The WWP uses at least one and often both of the reference systems provided within the text as an explicit page reference system for the encoded file. By "explicit page reference system" we mean a method for uniquely identifying, sequencing, and locating individual pages in the text. The two systems provided within the text are page numbers and signatures. Both of these are always encoded literally as they appear on the page. In addition, however, if they are being used as the reference system for the encoded text they are encoded in a regularized form as an attribute value on the appropriate milestone element.
WWP texts span a period of considerable change in printing practices, and as a result certain basic structures vary a great deal from text to text. Page numbering in the early period was often done unsystematically or inaccurately, while signatures (on which printers depend for their construction of the text) tend to be more accurate and reliable. Some of our texts have no page numbers at all, or have page numbers which are so disordered that they cannot provide a useful way of navigating within the text, or a common system of reference for scholarly work. Scholars working in the periods covered by our textbase have different habits and expectations about textual reference systems, depending on the kinds of texts they are accustomed to working with. The WWP's approach to reference systems is based on the need to take into account these scholarly expectations, and to take into account the practices which govern the creation of standard printed editions and existing scholarly references to our texts and to others in the period.
There are numerous rules about the correct encoding of reference systems. See the entry on reference systems (and also the entries on page numbers and on signatures) in the Markup Documentation DB for a comprehensive guide to encoding reference systems.
The central, enabling assumption underlying the design of SGML as a system for text encoding is that all texts consist of ordered hierarchies, wherein all elements are fully nested within other elements, with no overlap.
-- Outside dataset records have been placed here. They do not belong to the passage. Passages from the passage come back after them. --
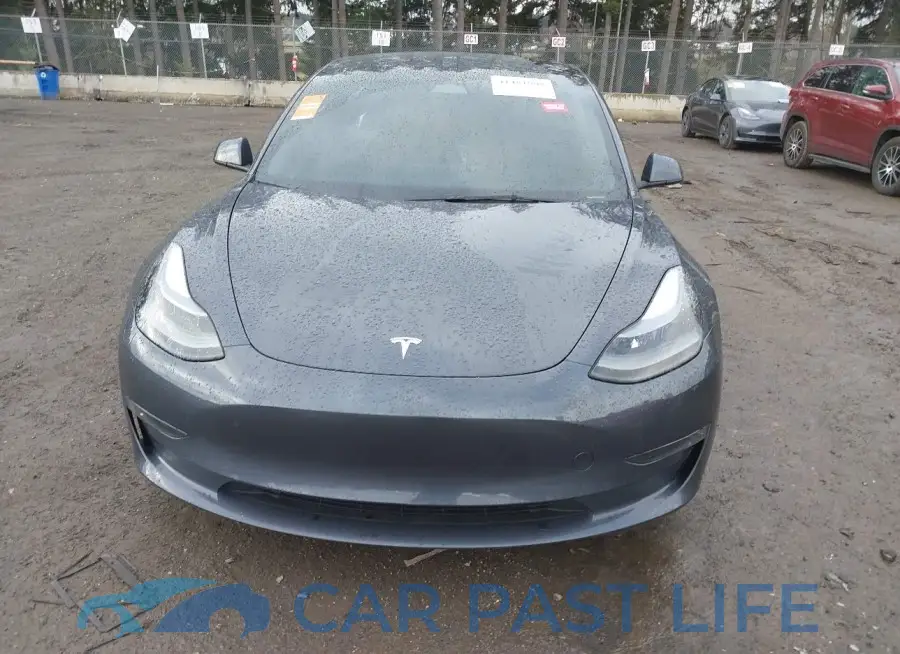 5YJ3E1EB2PF637191# 12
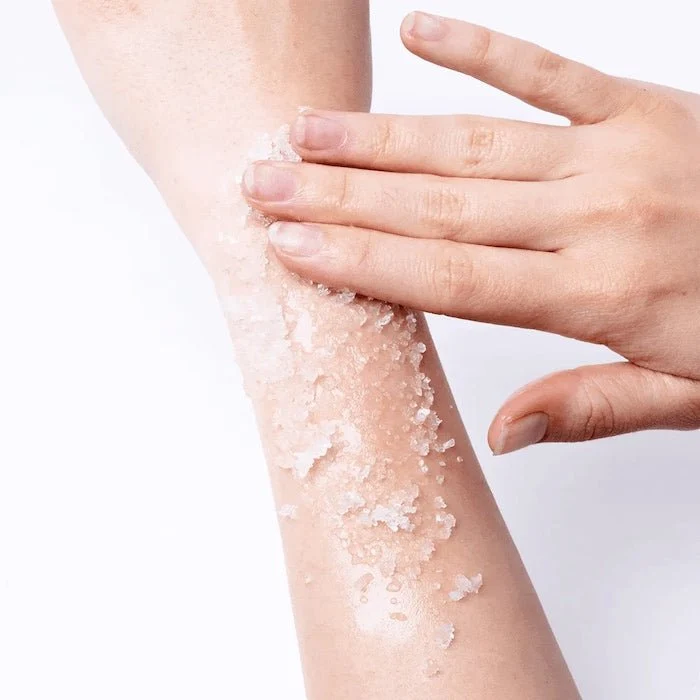 Coconut Body Scrub 285 g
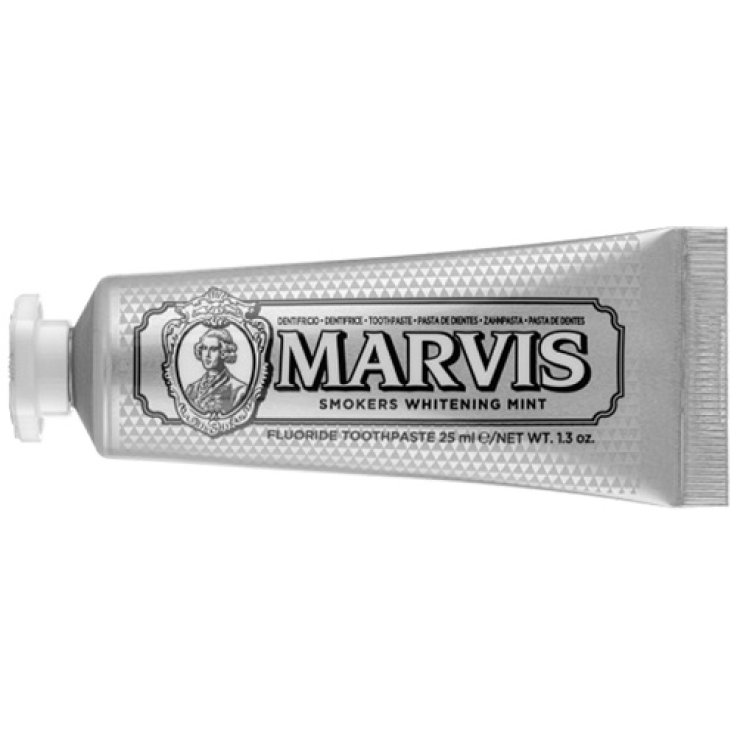 MARVIS SMOKERS WHI MINT C 25ML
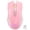Pink, variant on CW905 RGB Wireless Gaming Mouse 5 Adjustable DPI with Ergonomic Design and Rechargeable Battery for Girls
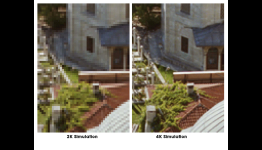 4K UHD vs 1080p And What You Need To Know About It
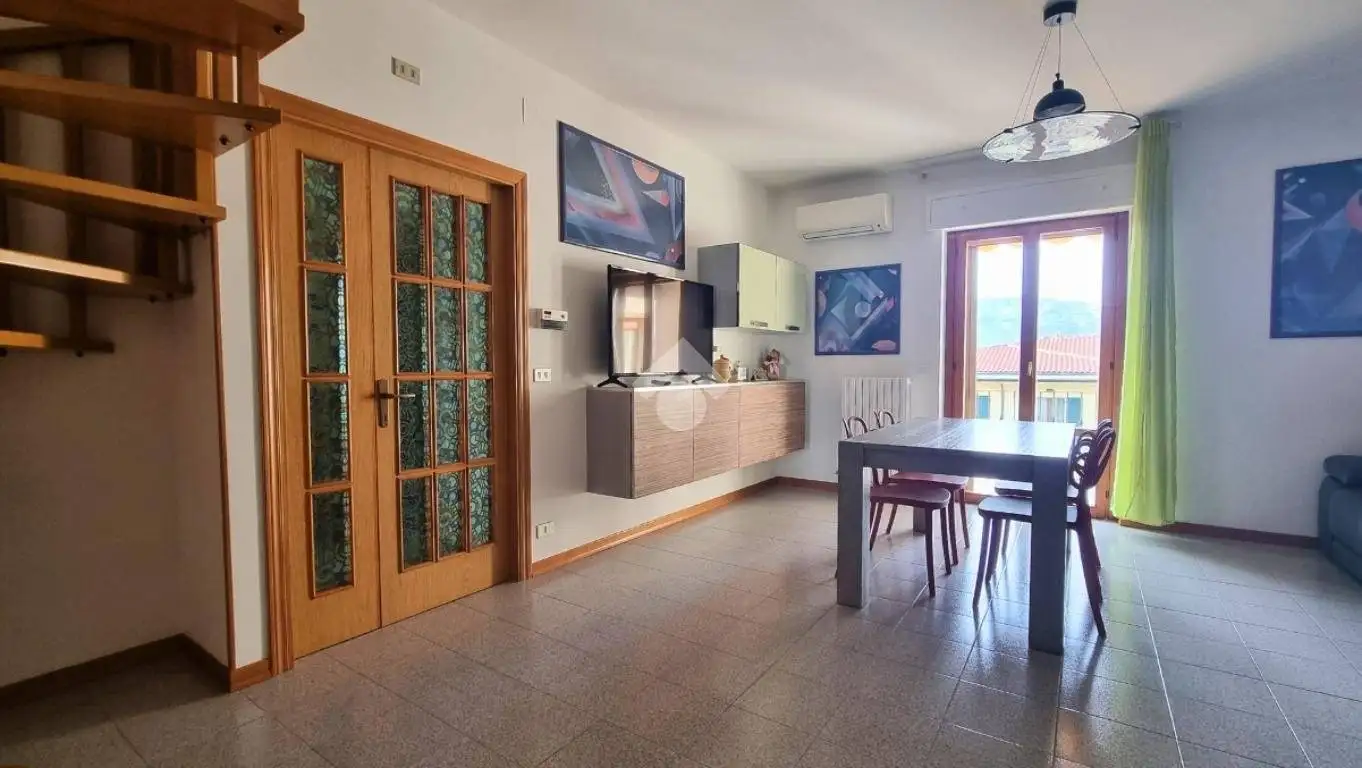 Trilocale via Roma 175, Piattoni Villa Sant'Antonio, Castel di Lama - foto 3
For example,
<element1>
blah blah<element2>
stuff stuff</element2>
</element1>
<element1>
blah blah<element2>
stuff stuff</element1>
</element2>
This assumption is built into SGML at the most basic level, and it makes possible the unique functionality of SGML: the ability to specify and regulate a document's structure, and then use that structure for complex activities such as searching, processing, document comparison, and the like. At the same time, it has been apparent at least since SGML began to be used to transcribe existing documents that a given text can--and frequently does--contain multiple hierarchies whose elements overlap one another. An obvious case is that of physical structures like pages and textual structures like paragraphs, which are structured independently of one another and frequently overlap. Such situations may derive from the very nature of the traditional printed book, where a physical object with a certain architecture contains an abstract structure of an entirely different sort: a sequence of words which make up a text. In addition, though, such overlap may occur within the text itself, between such different structures as the grammatical syntax of the text and its poetic form. Although the textual structure of a document has an obvious usefulness for research and navigation, the physical structure is also of immense importance, particularly for researchers who study the relationship between the text and its physical embodiment.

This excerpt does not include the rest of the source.